CEO’s Take: Isaac Dabah, CEO, said: “Without a doubt, 2020 represented an unprecedented year for Delta Galil, as COVID-19 forced us to rethink ways in which we conduct business. I am pleased with our agility to respond to the pandemic and implement the necessary initiatives to reduce costs and improve our operational and financial flexibility.
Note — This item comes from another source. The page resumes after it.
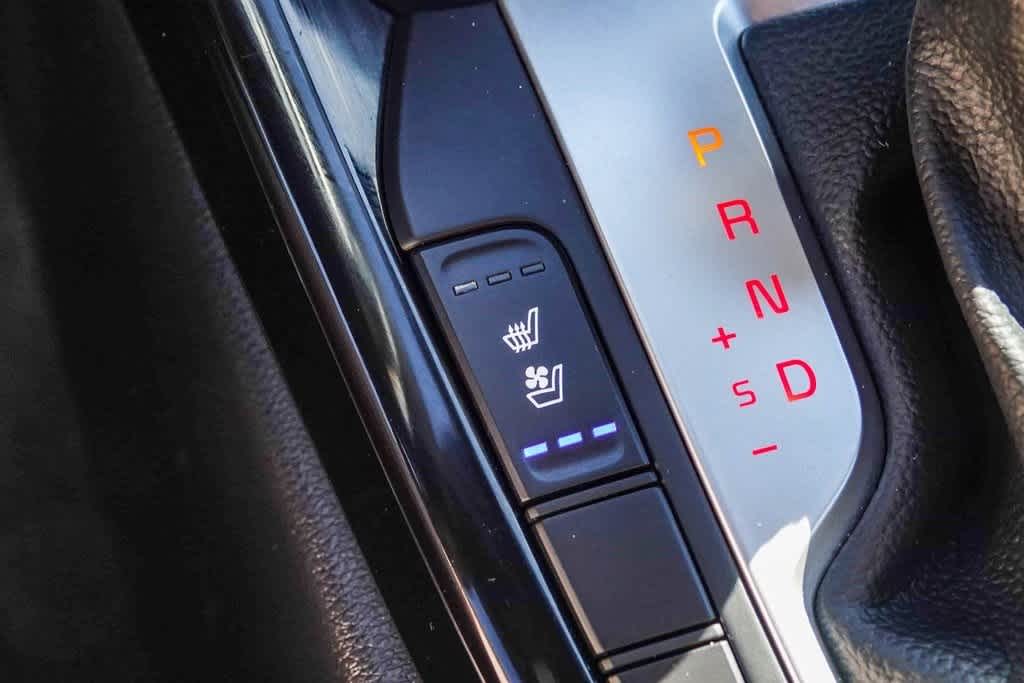 Thumbnail: 2024 Kia Forte - 21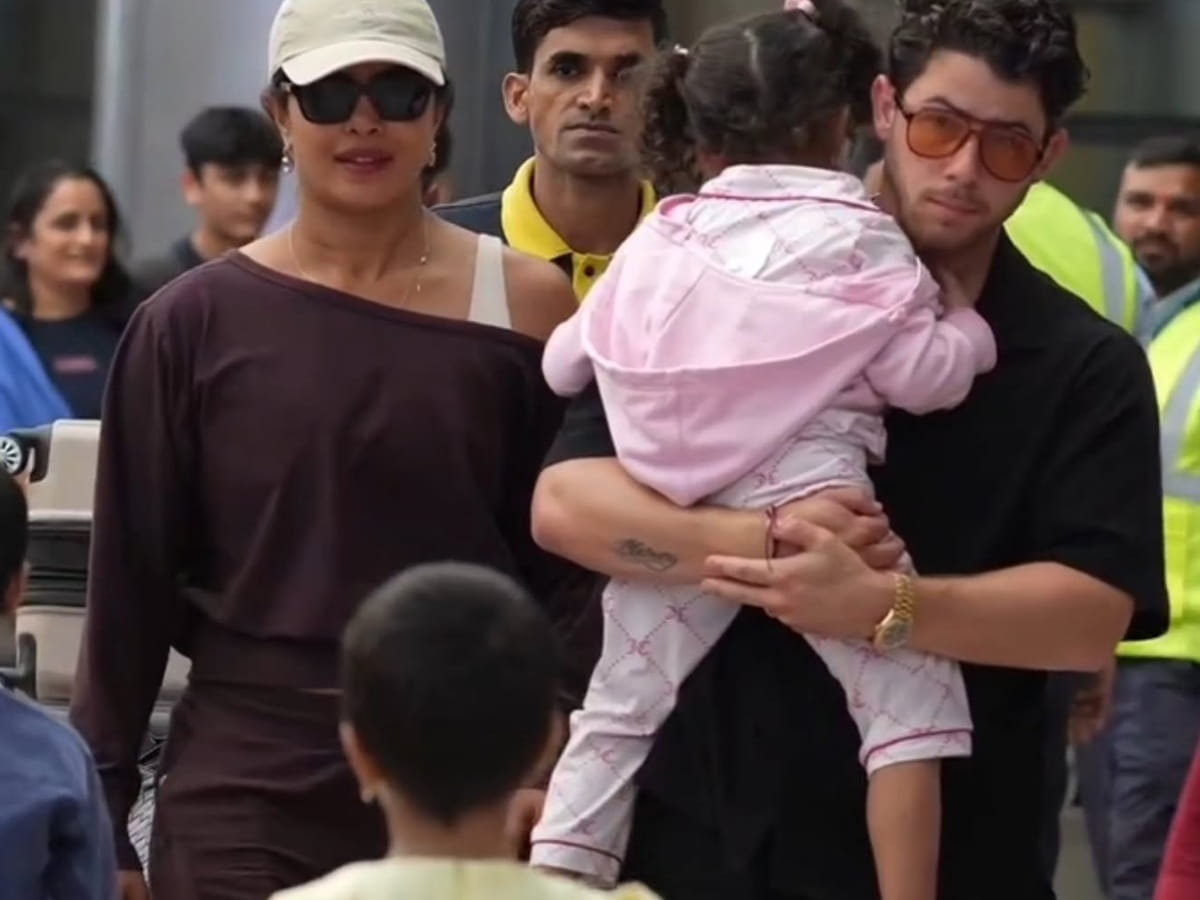 Priyanka chopra arrived inda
Consequently, we saw record gross and EBIT margins in the fourth quarter, and record operating cash flow for the year, demonstrating a strong combination of Delta’s rapid online expansion, coupled with the strength of our brands, loyal customer base and the effects of our strategic efficiency measures, which we foresee continuing in the future.
“Throughout the year, we remained committed to pursuing growth online both on our own site and through our Internet customers,” Dabah added. “As we previously announced, Delta acquired online intimates retailer Bare Necessities, which enhances our presence in the digital world. We ended the year with strong online sales, and we will continue to look for new ways to excel digitally.”